- WHAT TO DO: Search term "Pink": please show all lines in the listing that contain it.

—————

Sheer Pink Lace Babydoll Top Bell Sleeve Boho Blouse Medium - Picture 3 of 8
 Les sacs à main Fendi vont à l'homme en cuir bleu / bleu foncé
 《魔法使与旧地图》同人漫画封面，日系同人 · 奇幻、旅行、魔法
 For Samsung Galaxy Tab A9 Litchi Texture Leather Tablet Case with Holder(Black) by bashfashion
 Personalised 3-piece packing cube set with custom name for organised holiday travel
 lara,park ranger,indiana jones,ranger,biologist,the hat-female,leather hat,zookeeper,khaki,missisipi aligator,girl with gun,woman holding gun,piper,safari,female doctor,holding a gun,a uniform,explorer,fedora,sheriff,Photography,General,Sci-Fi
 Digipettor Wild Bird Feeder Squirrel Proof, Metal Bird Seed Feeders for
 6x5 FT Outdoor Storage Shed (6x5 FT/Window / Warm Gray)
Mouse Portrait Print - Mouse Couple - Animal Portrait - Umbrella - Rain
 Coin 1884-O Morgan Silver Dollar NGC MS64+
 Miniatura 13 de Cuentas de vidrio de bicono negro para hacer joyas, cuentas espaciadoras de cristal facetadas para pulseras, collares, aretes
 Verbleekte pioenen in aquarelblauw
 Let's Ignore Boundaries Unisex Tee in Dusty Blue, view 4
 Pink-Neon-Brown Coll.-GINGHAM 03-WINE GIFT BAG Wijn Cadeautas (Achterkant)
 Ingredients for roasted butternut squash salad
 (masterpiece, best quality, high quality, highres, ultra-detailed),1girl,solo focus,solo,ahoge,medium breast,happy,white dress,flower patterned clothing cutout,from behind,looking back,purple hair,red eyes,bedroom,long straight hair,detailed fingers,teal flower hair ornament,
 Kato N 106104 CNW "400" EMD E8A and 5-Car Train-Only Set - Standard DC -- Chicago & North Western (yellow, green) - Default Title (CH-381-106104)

—————

- SOLUTION TO THIS PROBLEM:
Sheer Pink Lace Babydoll Top Bell Sleeve Boho Blouse Medium - Picture 3 of 8
 Pink-Neon-Brown Coll.-GINGHAM 03-WINE GIFT BAG Wijn Cadeautas (Achterkant)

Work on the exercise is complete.